--- START ---
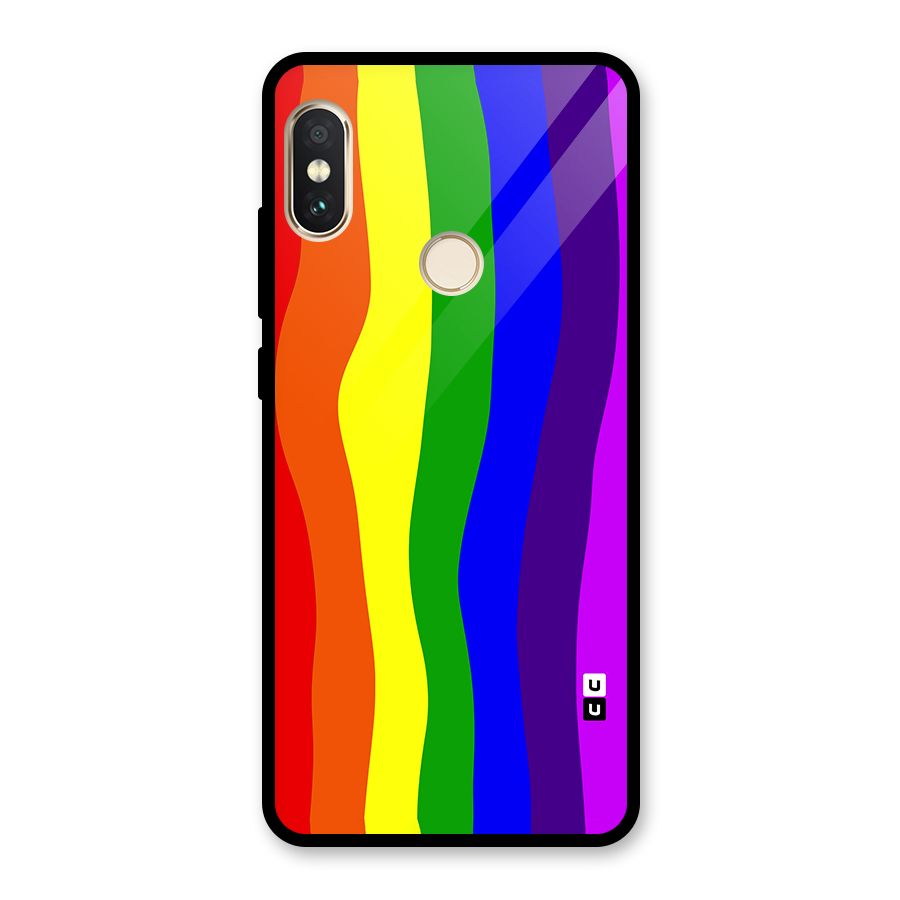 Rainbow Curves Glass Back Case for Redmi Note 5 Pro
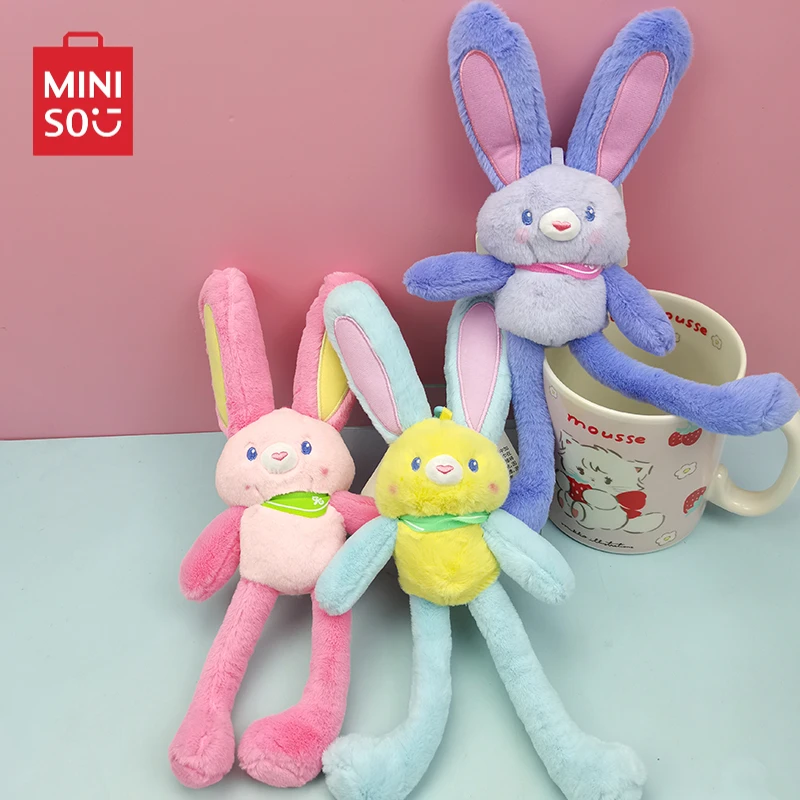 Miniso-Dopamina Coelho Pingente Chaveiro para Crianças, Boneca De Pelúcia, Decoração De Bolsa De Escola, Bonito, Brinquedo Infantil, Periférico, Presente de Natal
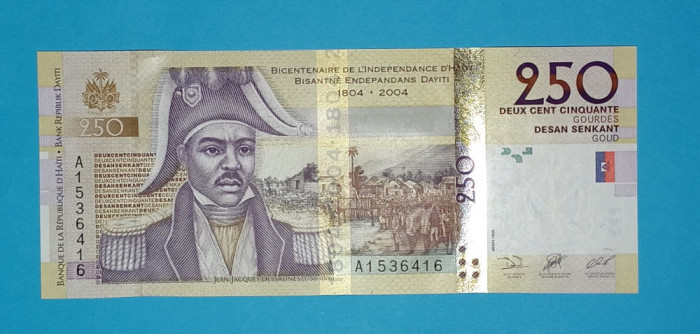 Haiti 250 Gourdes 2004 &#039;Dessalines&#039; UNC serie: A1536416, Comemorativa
--- END ---
--- START ---
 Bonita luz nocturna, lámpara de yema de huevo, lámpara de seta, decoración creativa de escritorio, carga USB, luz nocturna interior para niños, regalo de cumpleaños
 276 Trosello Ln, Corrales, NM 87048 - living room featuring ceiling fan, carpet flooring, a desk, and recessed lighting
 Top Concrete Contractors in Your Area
--- END ---
**Exercise:** Within the entries above, give again exactly the lines starting at the one that contains "Rainbow Curves Glass" and ending at the one that contains "Haiti 250 Gourdes", leaving out the pictures.

**Answer section:**
 Rainbow Curves Glass Back Case for Redmi Note 5 Pro
 Miniso-Dopamina Coelho Pingente Chaveiro para Crianças, Boneca De Pelúcia, Decoração De Bolsa De Escola, Bonito, Brinquedo Infantil, Periférico, Presente de Natal
 Haiti 250 Gourdes 2004 &#039;Dessalines&#039; UNC serie: A1536416, Comemorativa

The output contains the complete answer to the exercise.